The conversation quickly moves to the raw center of Maki’s pain. He asks if his father still loves his mother. Itsuki’s answer is careful but unambiguous: he respects Masaki deeply, but that romantic love is gone. When Maki brings up the possibility of reuniting “if he were part of the deal,” Itsuki clarifies that custody was the one thing neither parent would budge on. They both love him, and they always will. That truth, spoken plainly, gives Maki a kind of closure he had not allowed himself to expect. Divorce does not mean a lack of love, it just means the shape of that love changed.
Then Maki pushes into the territory that has been eating at him since the karaoke date: Minato-san. Itsuki immediately understands what Maki is implying and swears there was no overlap. He and Minato only started meeting outside work after the divorce was finalized.

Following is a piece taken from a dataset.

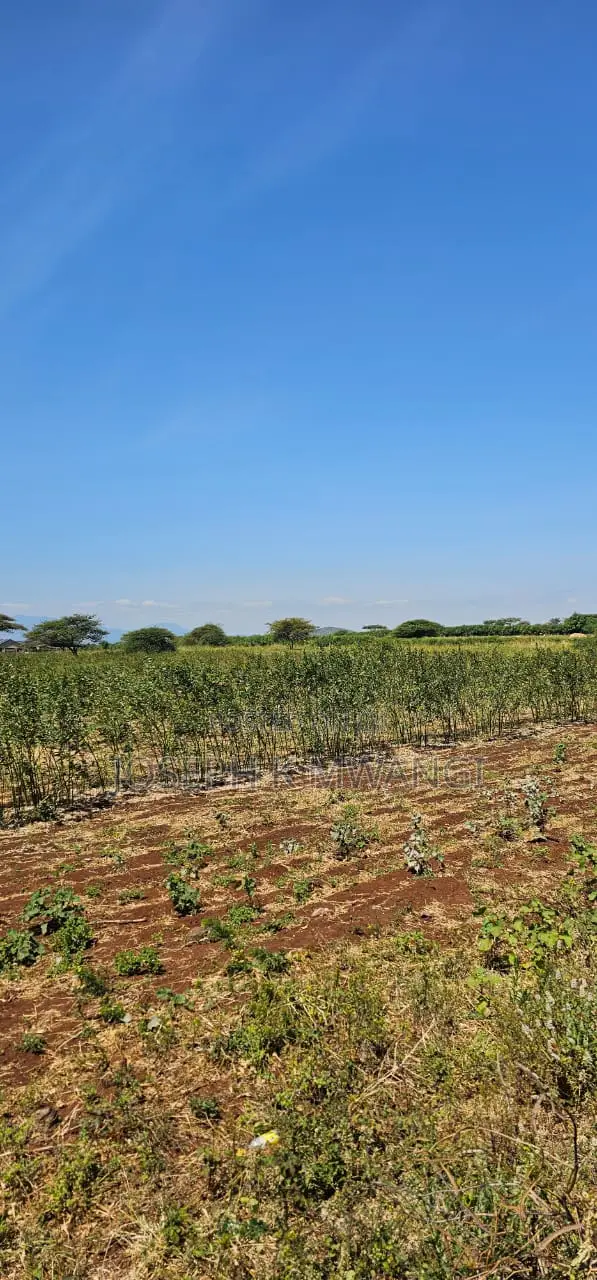 7 Acres Along Meru Ruiri Isiolo Rd Touching Tarmac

Maki hears him out but does not let the question go easily. “Do you love Minato-san?” Itsuki takes a long pause, then admits that he does. It is the first time Maki has heard his father name a new feeling so directly, and it rearranges something. His father moved on. The world didn’t end.
That moment softens into a tiny, heartbreaking domestic note: Itsuki notices Maki’s dishpan hands and tells him to use hand cream before bed. It is the kind of paternal gesture Maki probably craved as a child, now arriving years too late, and the show lets it hang in the air without over-explaining. Maki still cannot call this man family, but the cold wall between them has thinned.
Nitta Nina, Unlikely Emotional Radar
Nina’s introduction into this episode is pure situational comedy at first. She’s at the same restaurant, yelling into her phone, stranded with a bill she cannot pay because her boyfriend ditched her to chase his “number one target.” Itsuki offers to cover the difference, but Maki cuts in and pays for her himself with a sharp, “You’re not family anymore, right? Quit trying to act like it.” It’s a small, defiant separation, and Nina clocks it instantly.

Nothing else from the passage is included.